▶ _Exercise description_
Give back every line of the material exactly. Skip the pictures.

(Supplied information)

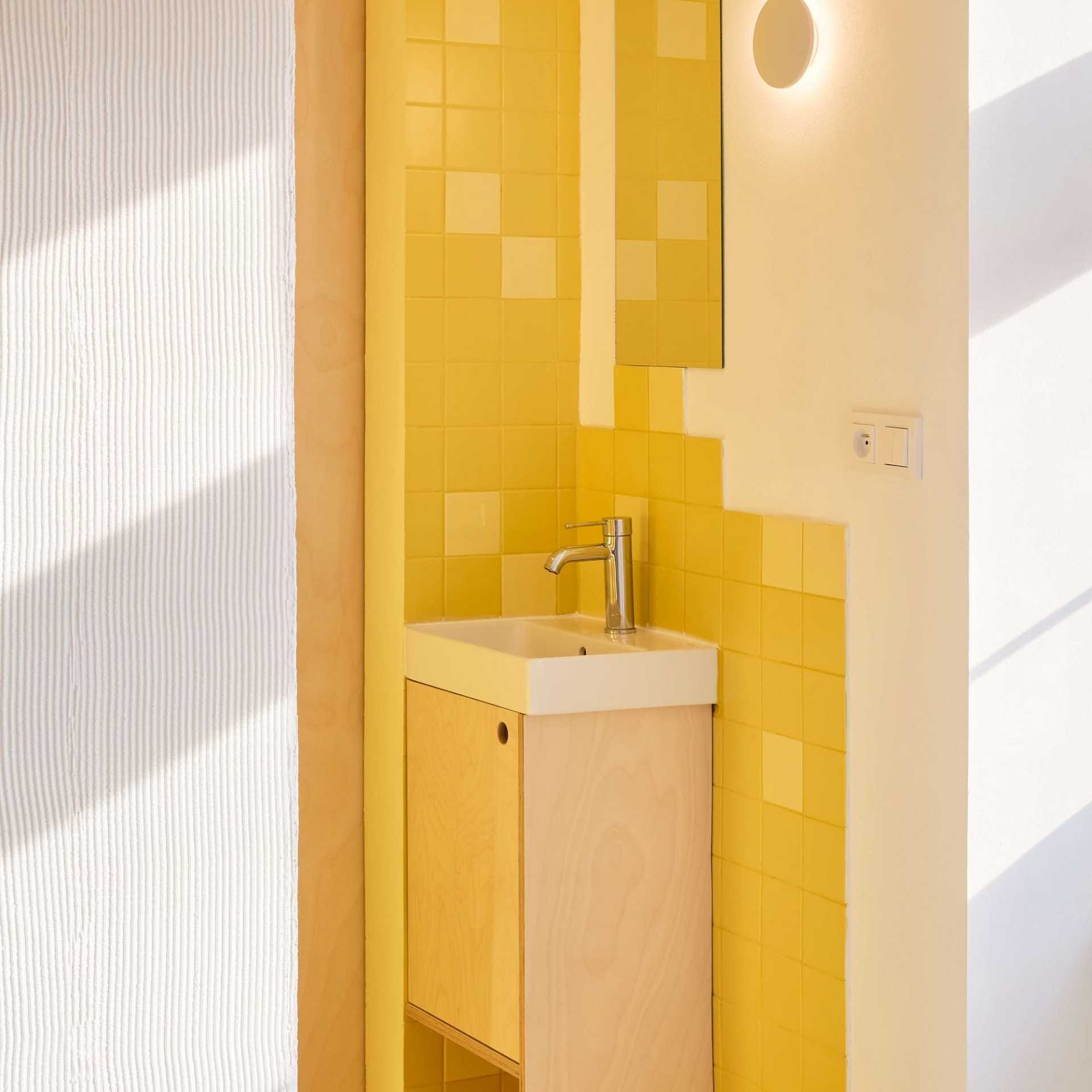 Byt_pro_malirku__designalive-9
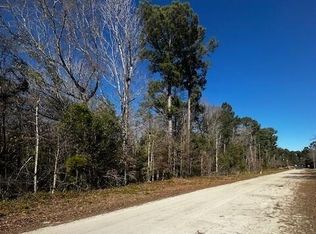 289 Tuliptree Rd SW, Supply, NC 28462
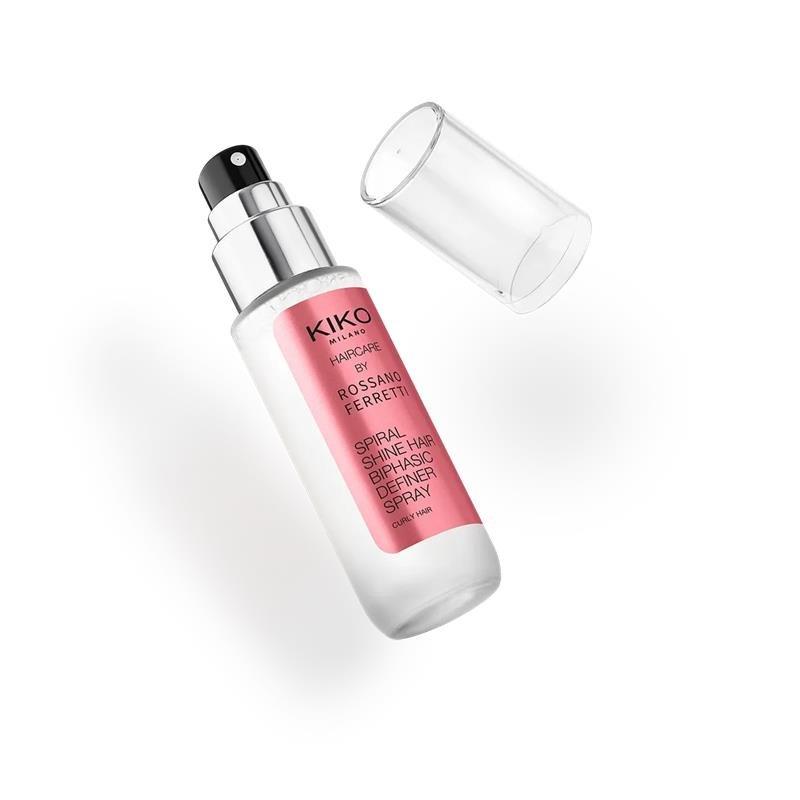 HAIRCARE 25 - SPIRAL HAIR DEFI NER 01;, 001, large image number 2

(End Supplied information)

▶ _Written solution_
 Byt_pro_malirku__designalive-9
 289 Tuliptree Rd SW, Supply, NC 28462
 HAIRCARE 25 - SPIRAL HAIR DEFI NER 01;, 001, large image number 2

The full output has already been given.